== Work to complete ==
Start with the line that holds "STRONG REPEATER - WLAN Repeater, 300 MBit/s". Please copy it and each remaining line below exactly, leaving pictures out.

== Data extract ==

*** Begin section ***

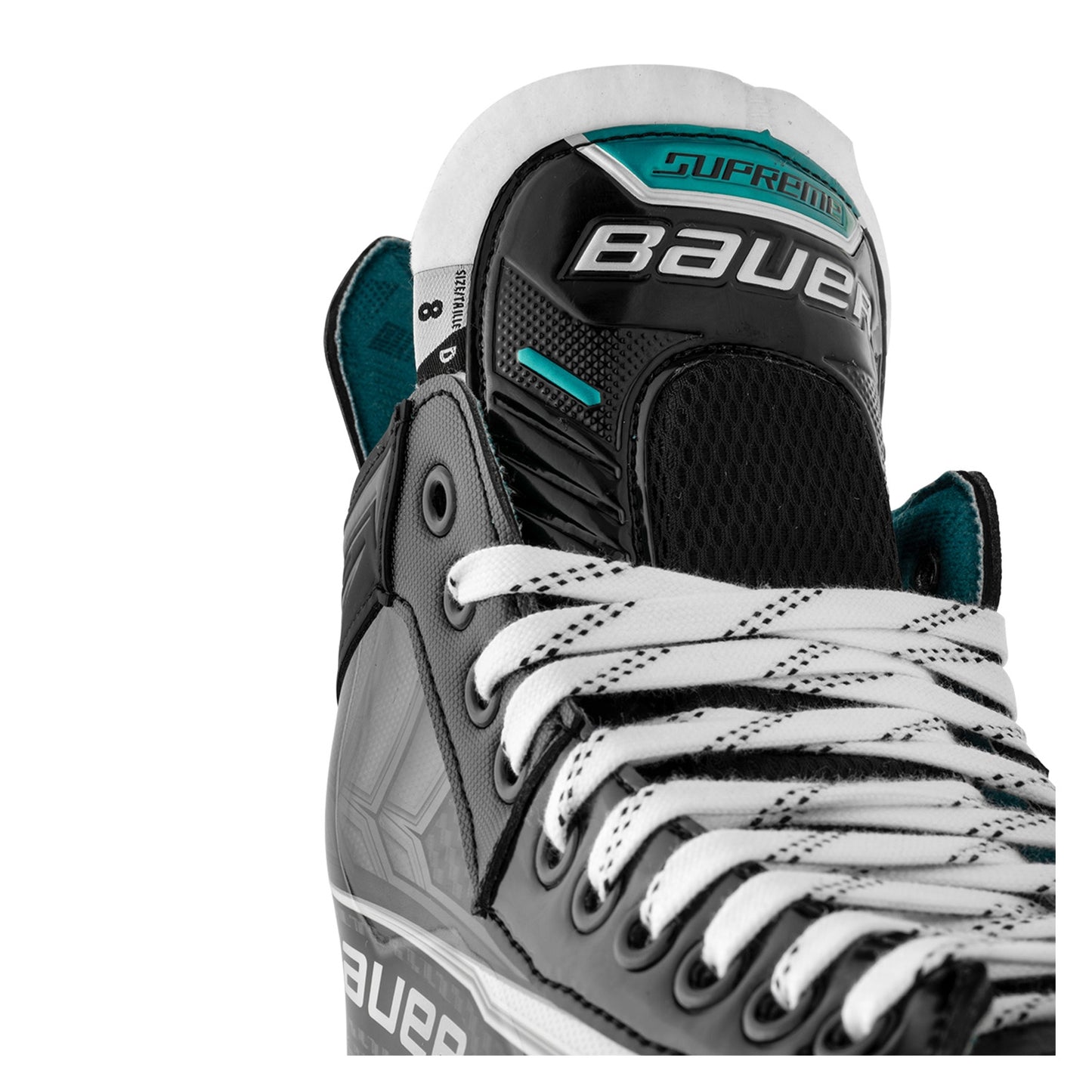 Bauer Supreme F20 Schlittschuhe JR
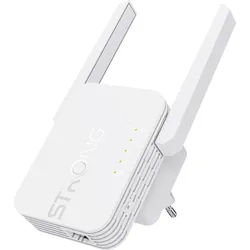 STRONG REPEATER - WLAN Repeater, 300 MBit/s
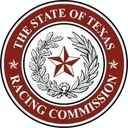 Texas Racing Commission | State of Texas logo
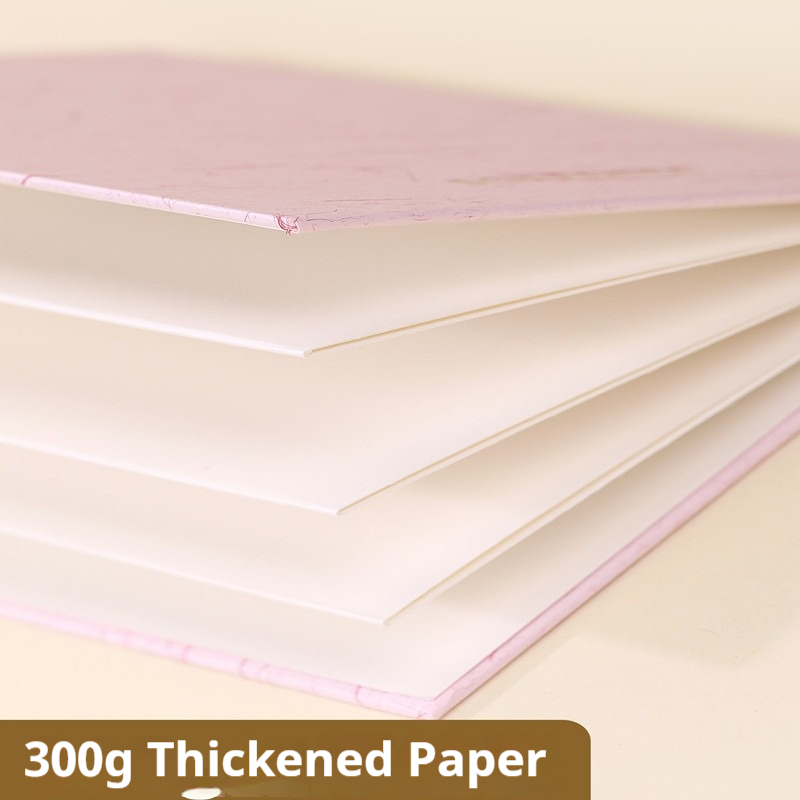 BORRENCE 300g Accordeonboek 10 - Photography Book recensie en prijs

*** End section ***

== Worked solution ==
 STRONG REPEATER - WLAN Repeater, 300 MBit/s
 Texas Racing Commission | State of Texas logo
 BORRENCE 300g Accordeonboek 10 - Photography Book recensie en prijs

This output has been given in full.